- _Exercise prompt_: Span requested from the data below: the line with "INFLAMMATION 8 CHRONIC" through the line with "Featured image for", both included. Give only these lines again, exactly, and leave every picture out.

- _Records to use_:
■ ■ ■ ■ ■

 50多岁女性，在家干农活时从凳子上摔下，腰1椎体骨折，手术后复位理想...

■ ■ ■ ■ ■

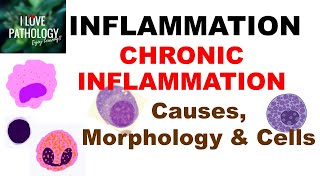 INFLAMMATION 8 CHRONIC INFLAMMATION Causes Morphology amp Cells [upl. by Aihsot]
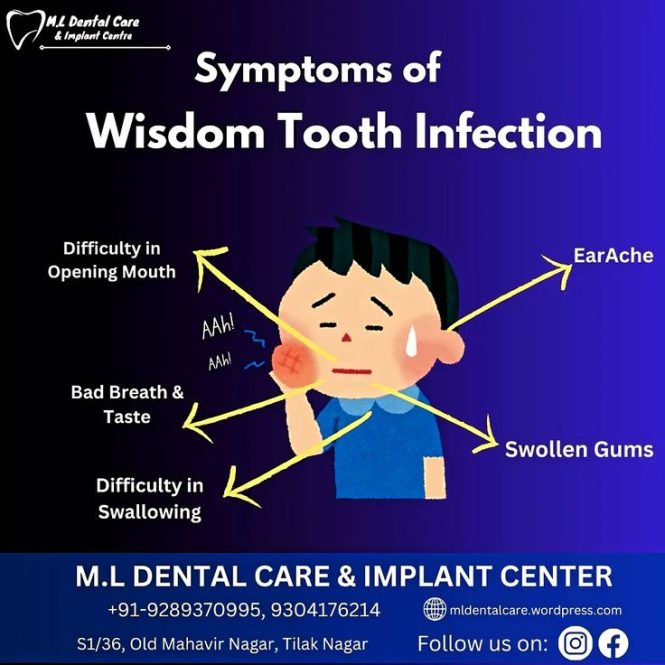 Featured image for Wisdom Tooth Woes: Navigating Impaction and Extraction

■ ■ ■ ■ ■

- _Exercise solution_:
 INFLAMMATION 8 CHRONIC INFLAMMATION Causes Morphology amp Cells [upl. by Aihsot]
 Featured image for Wisdom Tooth Woes: Navigating Impaction and Extraction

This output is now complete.